I’ve had a sinking feeling that she wouldn’t make it through this winter, and honestly, that I shouldn’t ask her to. Where she used to be my sure-footed, take-a-mudrock-downhill-at-a-canter trail horse, her gait has lost its stability as her muscles along her topline and hips have deteriorated. She had been retired from active riding for about 1.5 years. We still would do trail rides periodically when she had good days. She had not had a good day where her gait looked stable enough to ride since the summer.

Over the past few months, she has had bad days. At the barn, we took to calling them “episodes,” because that’s what they seemed to be. Most days she would have that mischievous,interested spark in her eye when she saw me. She would carefully pick her way through the paddock to see if I had treats for her. She would nicker and recognize me.

On her bad days, she seemed confused about where she was.
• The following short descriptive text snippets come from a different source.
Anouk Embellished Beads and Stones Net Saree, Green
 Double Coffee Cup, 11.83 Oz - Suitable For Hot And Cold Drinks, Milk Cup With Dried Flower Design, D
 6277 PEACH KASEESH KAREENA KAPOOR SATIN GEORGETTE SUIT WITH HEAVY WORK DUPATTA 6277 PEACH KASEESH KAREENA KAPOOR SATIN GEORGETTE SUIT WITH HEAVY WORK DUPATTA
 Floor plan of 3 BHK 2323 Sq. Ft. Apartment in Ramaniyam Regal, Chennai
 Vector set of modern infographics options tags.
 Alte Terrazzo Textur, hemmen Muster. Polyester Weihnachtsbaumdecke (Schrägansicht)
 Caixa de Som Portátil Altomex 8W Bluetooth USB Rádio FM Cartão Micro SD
Each step was wobbly like she was trying to be careful where she stepped but her body didn’t have the coordination she remembered. Most days her gait was unsteady, but she would still manage to harass her paddock mate and chase the other away from hay piles even at a canter. Not on Prize’s bad days. On days when she had episodes, she didn’t leave her stall or her paddock. She would stand in the same place most of the day with her head poking out of the stall, her eyes focused inward. An episode lasted anywhere from a few hours to a day, at most.

Prize and I at a trail ride shortly after she first returned to me, 2010.
Prize and I at a trail ride shortly after she first returned to me, 2010.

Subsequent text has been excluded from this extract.